In Akto, a user configuration refers to the specific settings that control how a user can run a test on their APIs. These settings may include user access levels, permissions, and other security protocols. In Akto, it refers to a specific set of data that we receive from the user in one of two ways:

1. In an automated manner, when the user connects to traffic data

2. Manually, to be filled in or created by the user

This is what the screen contains:

• Config name: The name of the user configuration

• Status:
  Done: Akto was able to create this group or role through traffic data in an automated manner Pending: Requires manual intervention from the user

• Values: Hyperlinks to the exact groups or role settings

• Impacting Categories: Exact vulnerabilities that these configurations will be used to test against.

In Akto, we use multiple user configurations in the context of API Security testing. These are categorized in two ways:

1. Which APIs do you want to test?

Akto groups API endpoints that have been called by a certain user when performing an action that is directly linked to their account. We use traffic already present in the dashboard and use regex-based matching to create the API groups.

For example, when a user wants to reset their password, the system triggers a specific API endpoint linked to this user’s account.

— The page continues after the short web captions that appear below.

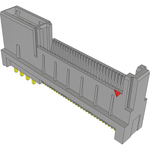 HSEC8-130-01-L-PV-2-1 HSEC8-130-01-L-PV-2-1
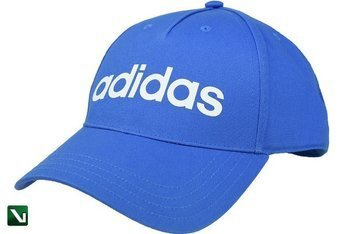 ADIDAS ORGINALS • SNAPBACK CZAPKA Daily Cap (niebieska)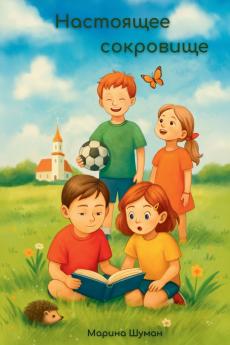 Настоящее сокровище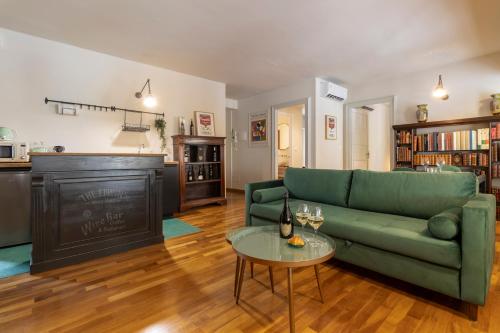 Turin Bed & Books by Wonderful Italy, Turín (fotografie 6)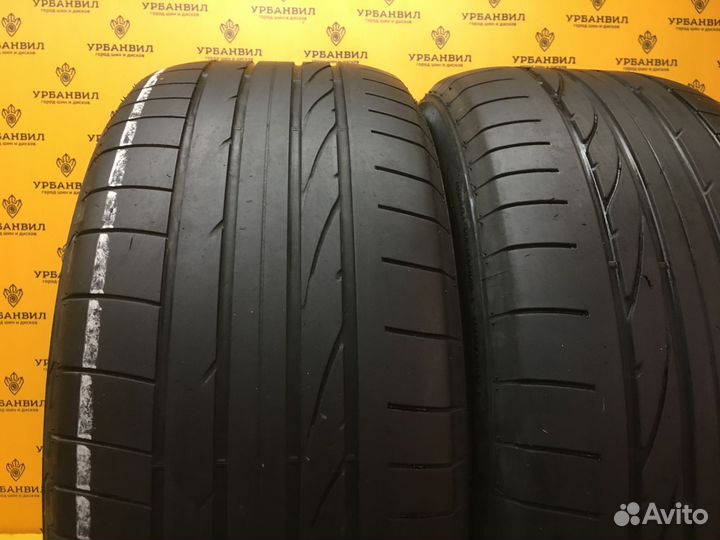 Bridgestone Dueler H/P 265/50 R20 107V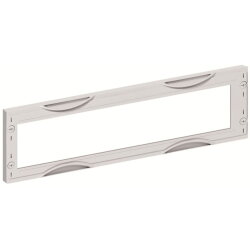 ABB Striebel & John AG162 Abdeckung 150x500 f....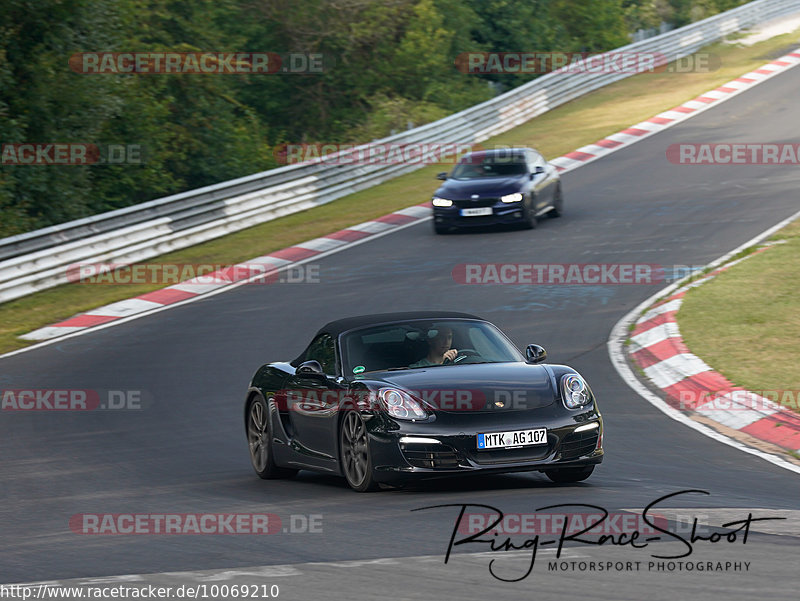 Bild #10069210 - Touristenfahrten Nürburgring Nordschleife (13.08.2020)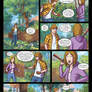 Les Voisins du Chaos TOME 2 : page 08
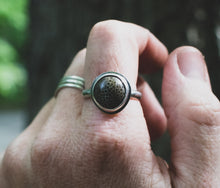 Load image into Gallery viewer, Charlevoix Pebble; Size 9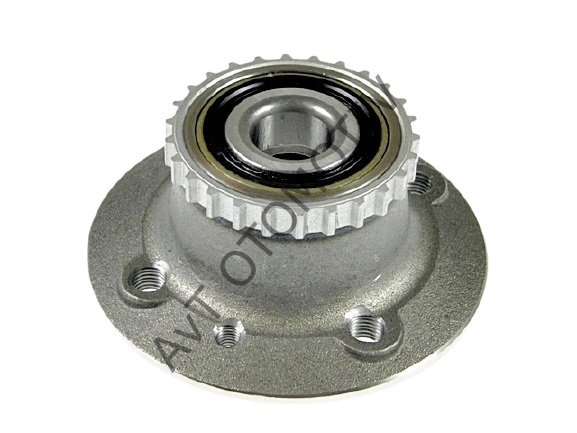 KNG ARKA TEKER RULMANI PORYALI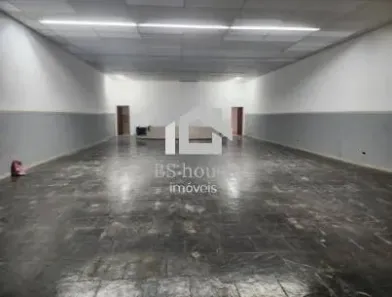 Loja / Salão / Ponto Comercial para venda ou aluguel, 350m² no Parque das Américas, Mauá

By capturing this action, Akto groups the endpoints that are specifically related to the password reset process of this user, thereby creating a logical group. These groups are API collections on which you can now conduct your API security testing.

Here are some logical groups created by Akto:

• Password reset endpoint

• Authentication token header key

• User registration endpoint

• Login endpoint

Now, instead of appending test templates to include new APIs under these categories, Akto will automatically group these endpoints based on pre-defined conditions. All you have to do is run your test on the API collection!